Muslim and Christian traders had met the head of the Pejawara mutt, seeking his intervention so that they could set shop in temple fair fests.
The head of the Pejawara mutt in Udupi HH Shri Vishwaprasanna Teertha Swamiji, has responded to the appeal by Christian and Muslim traders who sought his intervention in the 'temple fair trader boycott' issue, saying 'one group (Hindus) alone can't bring about harmony'.
Muslim and Christian traders had met Swamiji on Wednesday (30 March), seeking his intervention so that Muslim traders could participate and set shop in temple fair fests as they have been doing in the past.
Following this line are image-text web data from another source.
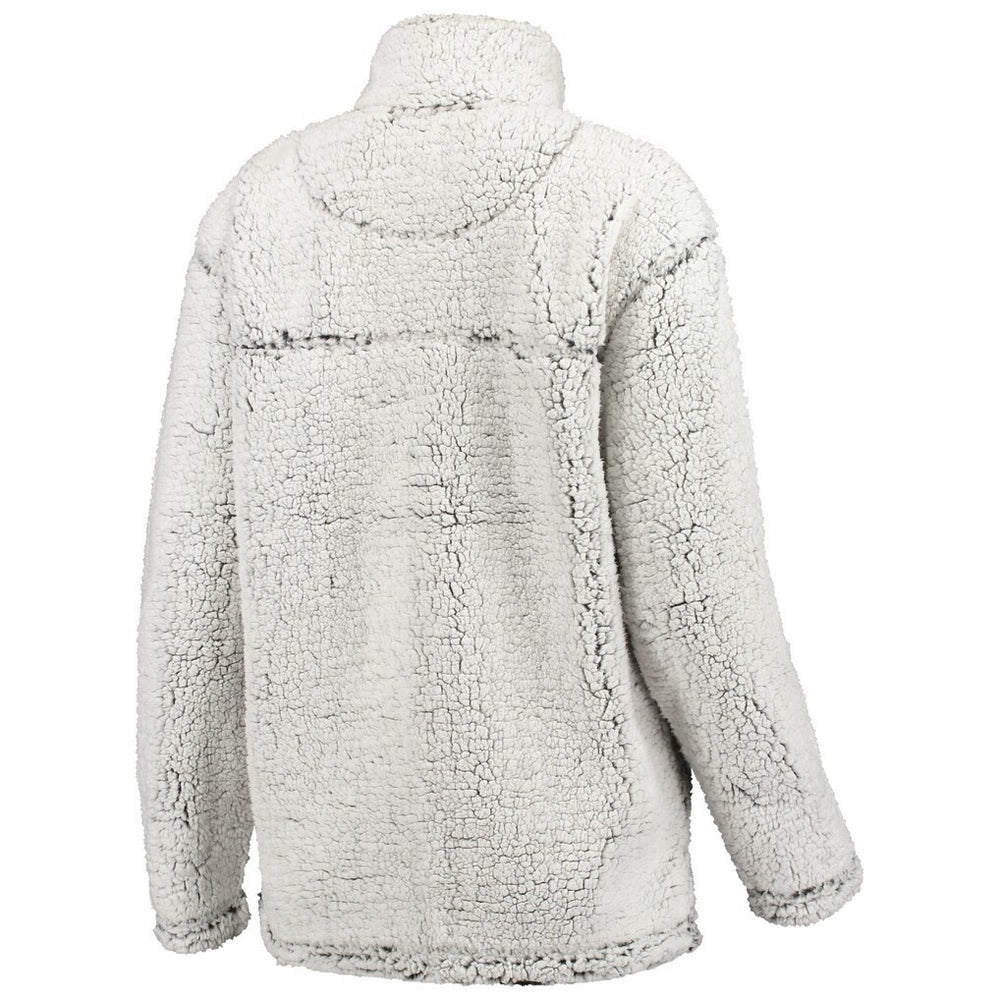 New Orleans Saints G-III 4Her by Carl Banks Women's Sherpa Quarter-Zip Pullover Jacket - Gray - NFL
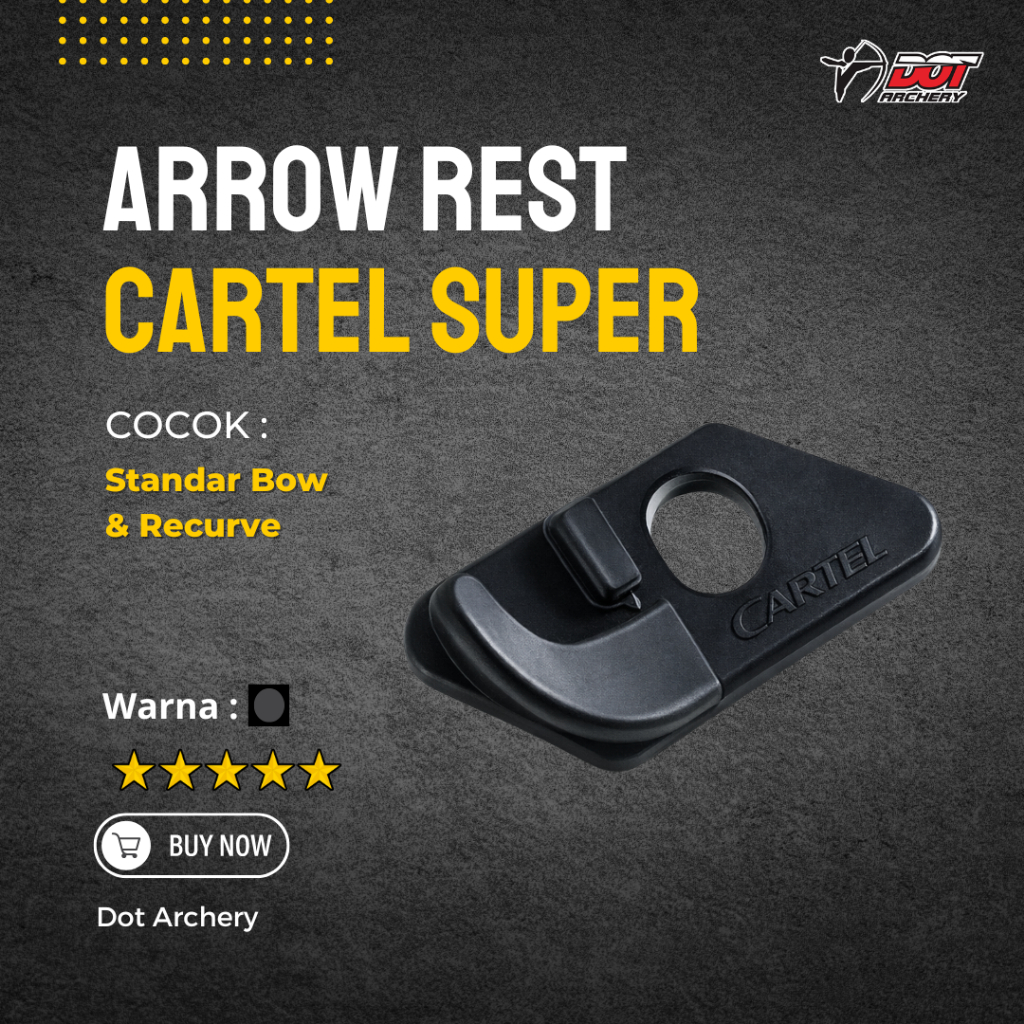 Arrow Rest Panahan | Arrow Rest Cartel Super Black | Arrow Rest Busur Recurve & Standar Bow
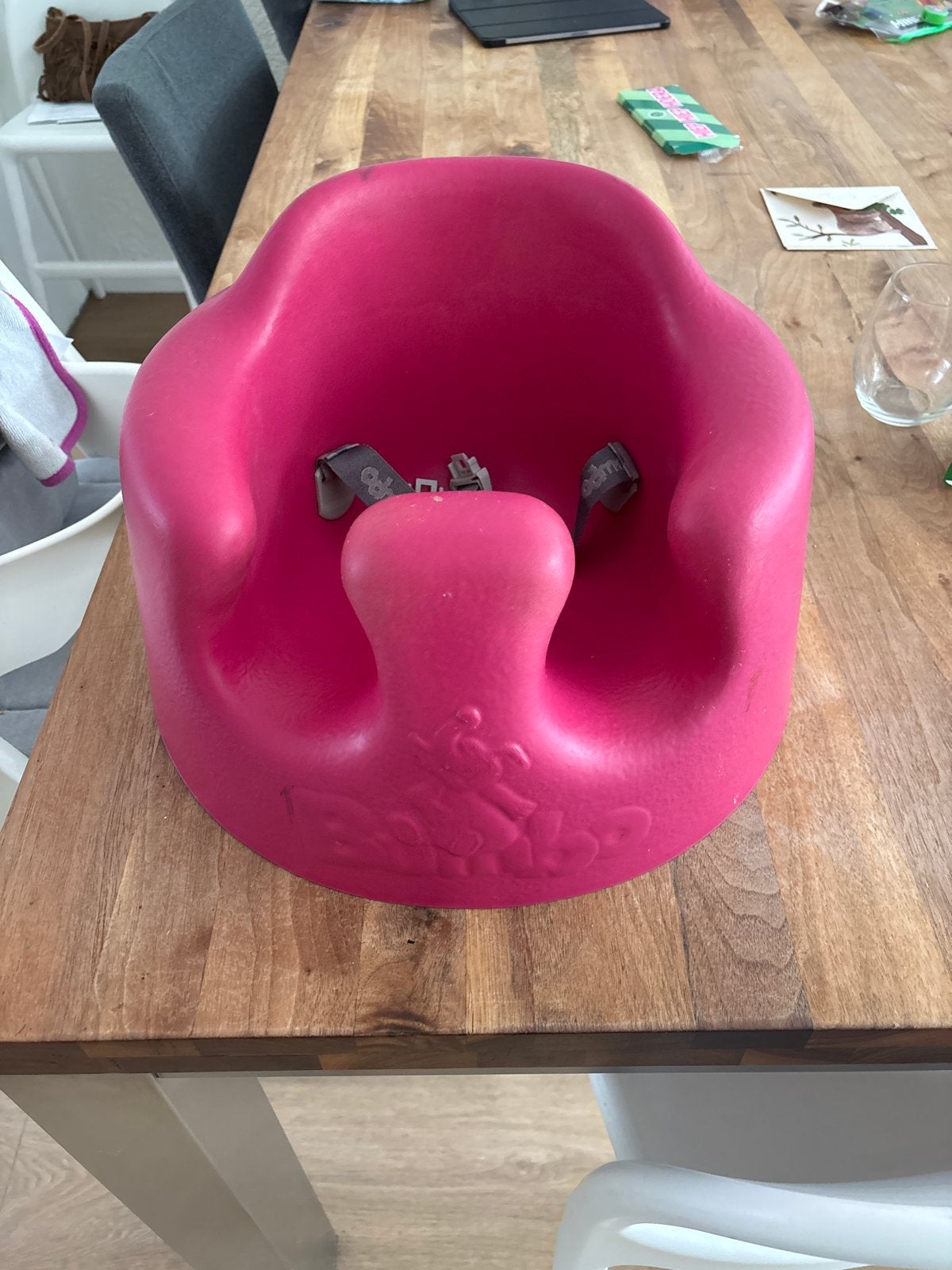 Bumbo Babyzitje Roze met Gordel, Ophalen, Gebruikt, Overige typen, Gordel(s)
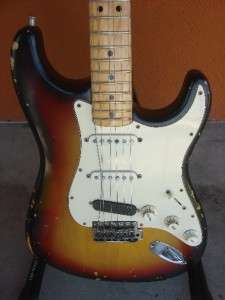 1972 Fender Stratocaster Electric Guitar (Sunburst)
Under the banner of 'Udupi Jilla Sauhardha Samiti', the delegation of community leaders made a case saying the 'poor traders' who made a living by selling items at shops set up at these fairs were facing a lot of problems.
Swamiji accepted their appeal but responded saying, 'while peace and harmony are essential, it can't be a one-sided affair'.
"Relentless injustice results in pain and disappointment that tends to explode someday. The Hindu community is dejected with all the pain it has suffered and has today exploded," said Swamiji, speaking to media persons after the meeting with the Samiti.
"The Hindu community is in great pain owing to many untoward incidents. This issue can't be resolved through discussions between some religious leaders; it needs to be resolved at the ground level," he said.
"We need to sit at a common forum and discuss the cause of these developments. Only if there are no incidents that hurt the Hindu community can one expect harmony to grow," he added.
"All the cows from a widow's shed get stolen, which has got her to the streets. Many such incidents have taken place that has taken the pain to the limit. We too have suffered such pains, so if we just say 'let's all live in harmony', it won't happen. For peace and co-existece to prevail in a society, there need not be any intervention," said Swamiji.
"Those responsible for the injustice need to resolve the issue; let that community punish their members who have erred. Let that community protest against those mistakes. The mistake of one is what gets attached to the entire community. So if the community doesn't stand by its members who err, the Hindus won't be hurt," said Swamiji in Udupi, which has been the epicentre of both the hijab and the temple fair trade rule issues.
Karnataka's temples have been the centre of a communal controversy for the last 10 days after the Marigudi temple in Kaup in Udupi issued a regulation that only Hindu traders and shopkeepers would be permitted to set shop around the temple premise during its annual fair.
Hindu organisations had responded to the response to the 'hijab verdict' by Muslim community that called for a Karnataka bandh, saying those that do not respect the law wouldn't be allowed to do business in the precincts of a temple and approached temple management seeking a prohibition on non-Hindu traders at temple fairs.
This soon spread to other parts of the state, with many temples calling for similar regulations that permit only Hindu traders to do business during the annual fairs on temple lands, with the ruling party leaders defending the action saying it was legally permissible.